I have a 5.875% mortgage. I have more than enough to pay off the mortgage sitting in my brokerage account, where it has earned far in excess of 10% a year for the last five years. If I had paid off my mortgage, I'd be very much poorer. But I might be a special case, I actually work as an investor full time.

It's not a simple decision for most people. You need to be confident that your long term return (risk adjusted) on your investment will be in excess of your mortgage rate. Some people (Buffett) think that index funds (the market) will be returning around 8% for the next 20 years, so it's not a huge win, esp. if you are borrowing at 7%.
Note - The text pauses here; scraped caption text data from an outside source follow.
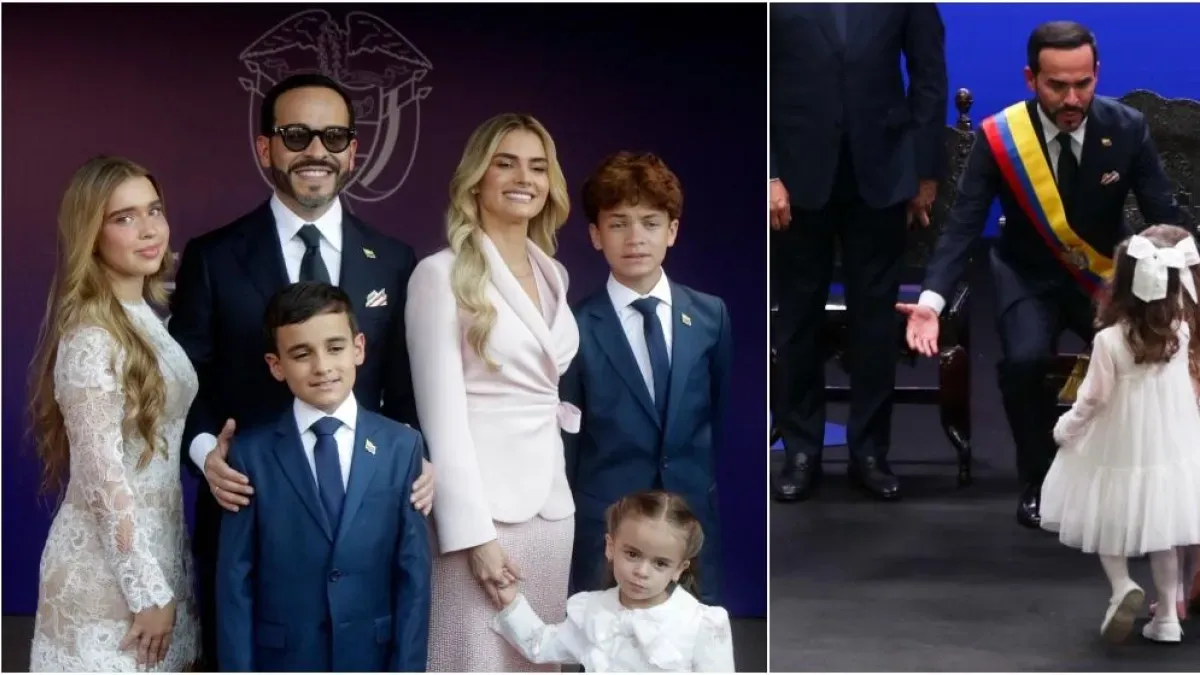 La familia de Abelardo De La Espriella y sus raíces en Córdoba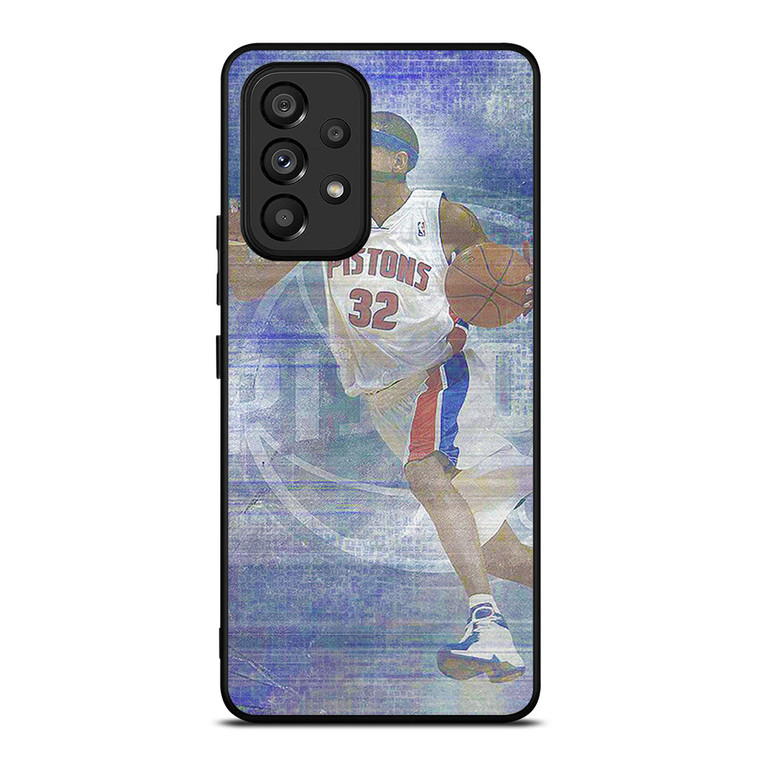 RICHARD HAMILTON DETROIT PISTONS NBA Samsung Galaxy A53 Case Cover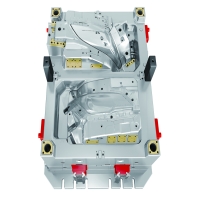 汽车摩托车模具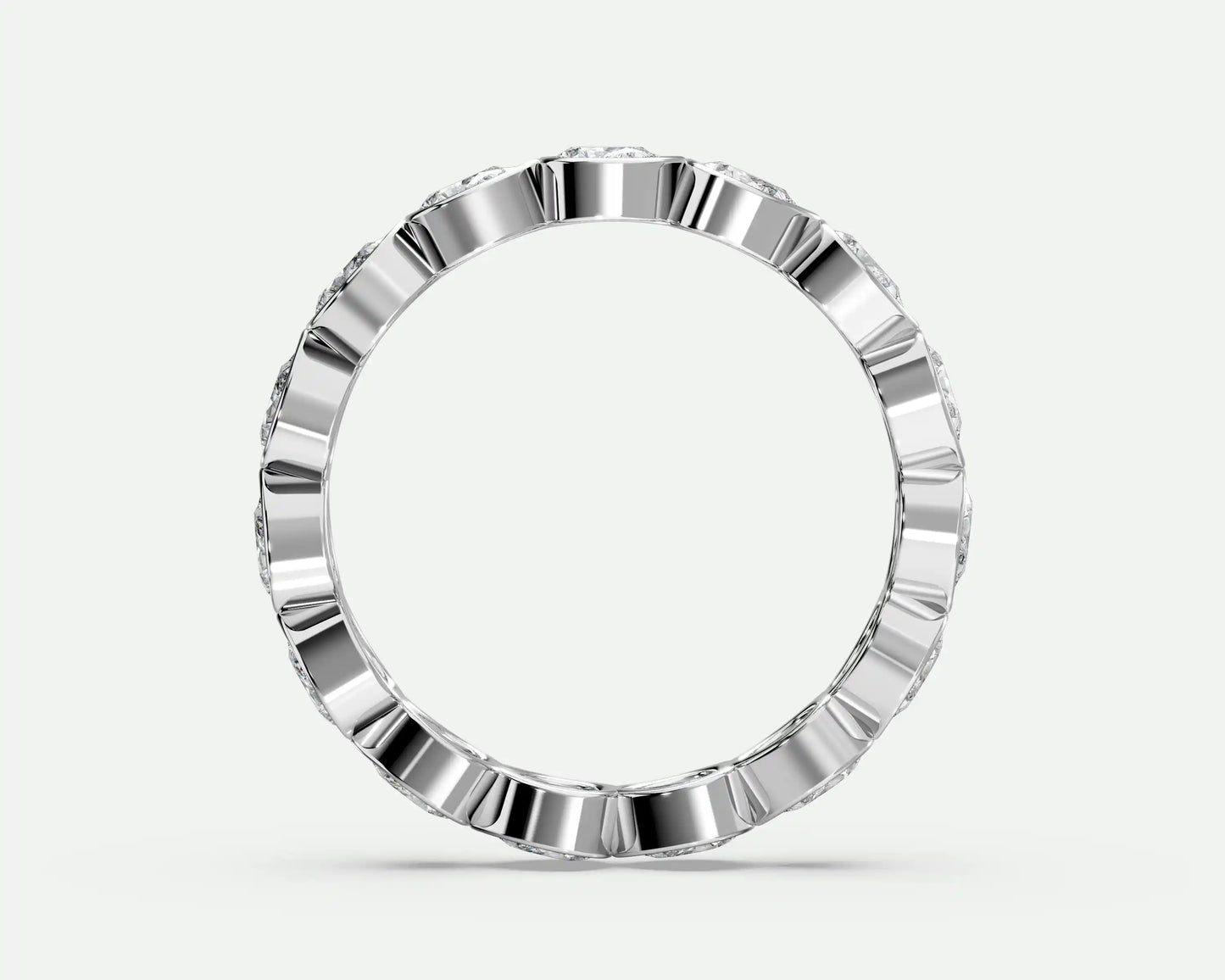 Silver (White Gold)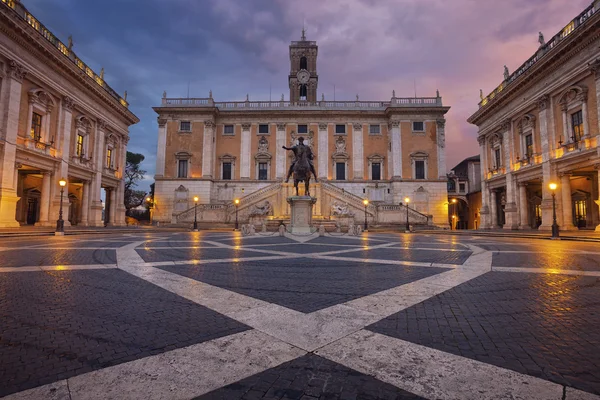 Cidade de Roma . — Fotografia de Stock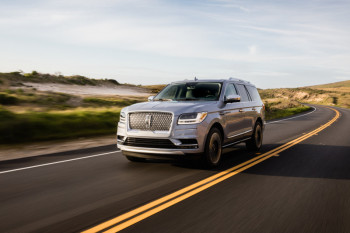 Lincoln Aviator listrik akan meluncur pada 2023
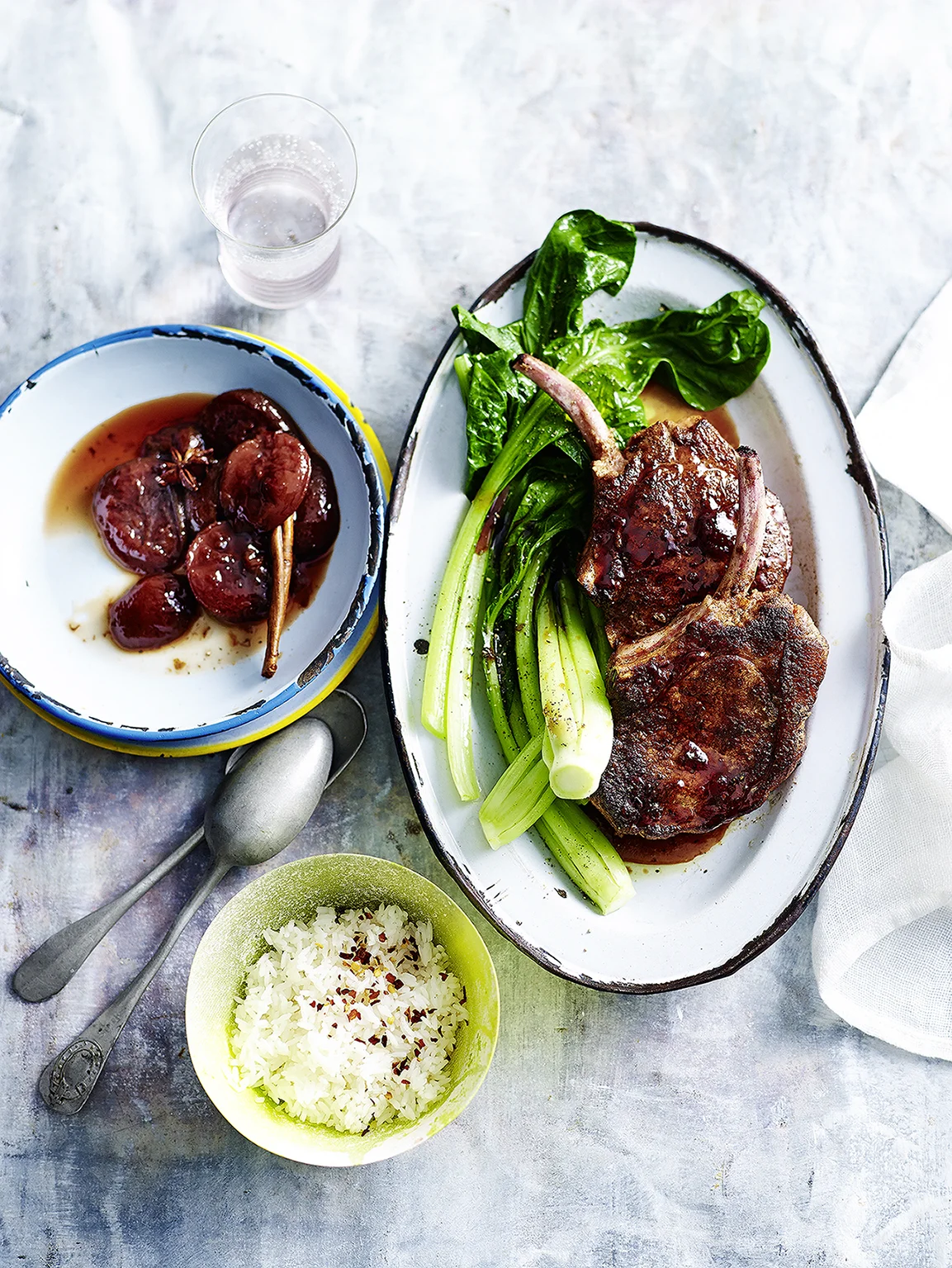 FIVE-SPICE PORK CUTLETS WITH PLUM SAUCE.jpg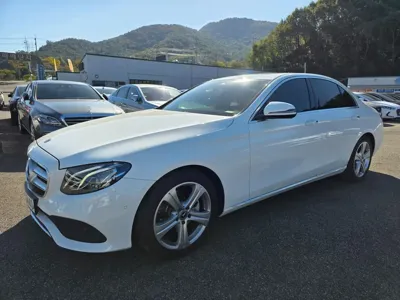 Mercedes-Benz E-Class · 2018 год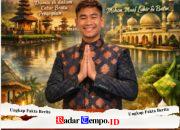 Mr. Abie Sampaikan Ucapan Hangat Nyepi dan Idul Fitri, Pesan Toleransi dan Kedamaian Mengalir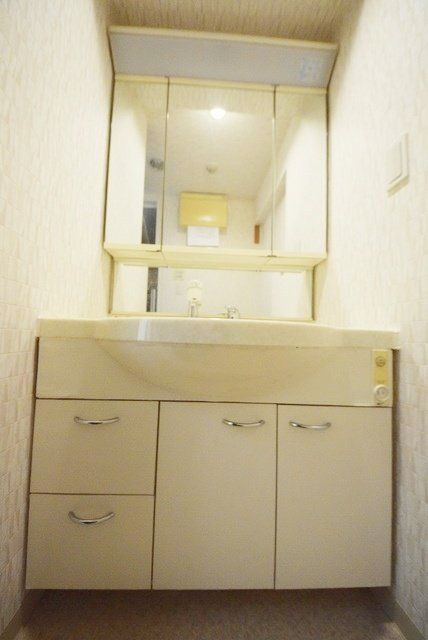 洗面設備　★独立洗面台★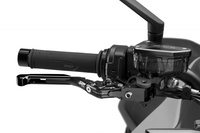 Regulowana dźwignia hamulca PUIG 4.0 EVO (przedłużana, wymaga adaptera)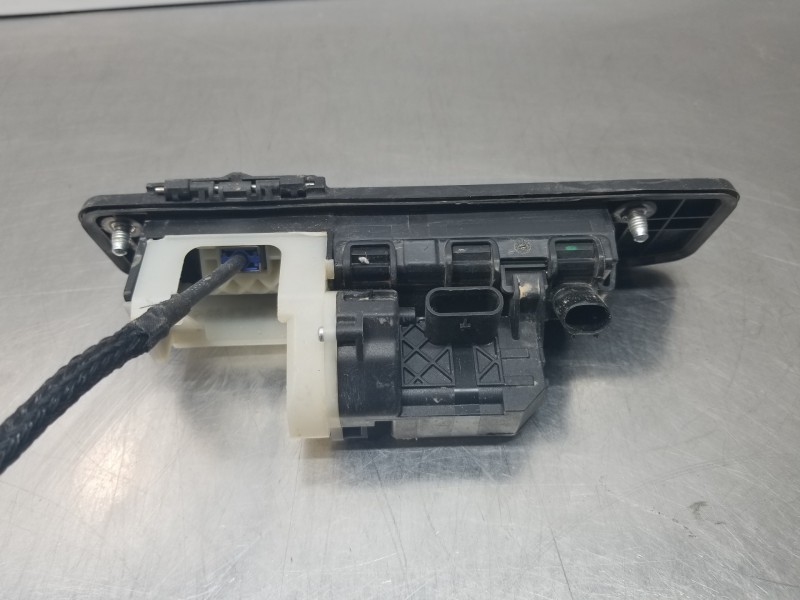 Recambio de sensor de aparcamiento para mercedes clase a (w177) 200 d referencia OEM IAM A0009056206 A0997503500 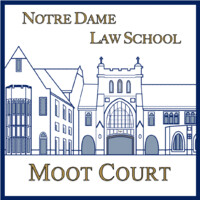 Notre Dame Law School Moot Court Board logo - Similar company to Aiter.Io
And when I say risk, I'm not talking about "beta", a little number tha signifies how much variance an investment's price has (and is mostly useless for investors other than in option trading). Real risk is the likelyhood of permanent impairment in the value of your investment.

The risk of index funds is overpaying, i.e. you buy them at a market top and have to deal with bad returns for a few years until you catch up. Since an index fund is a claim on the net worth and income of a huge number of companies, there is little risk of permanent impairment. You buy a single stock (let's say, "enron") with all your money, you have a high risk of permanent impairment. A "risk adjusted" return is you r estimate of the +EV of an investment, incorporating the percentage likelyhood of a permanent impairment and how big that impairment might be.

The other side of risk is liquidity. You can't play games where you invest long term if you borrow short term. I.e. index funds aren't one or two year investments, you have to be committed to them for at least 5-10 years, if you are forced to sell at inopportune times, you're returns will be horrible. So any money you put in them you shouldn't require for living expenses or mortgage payments.

The grandest part of paying off your mortgage is that it's a "risk free" investment. You save what ever the current mortgage rates are each year, guaranteed, so any alternative "risk adjusted" investment returns have to beat that. Note: There is some liquidity risk, i.e. if you don't have a job it might be hard to get a bank to loan you the money back.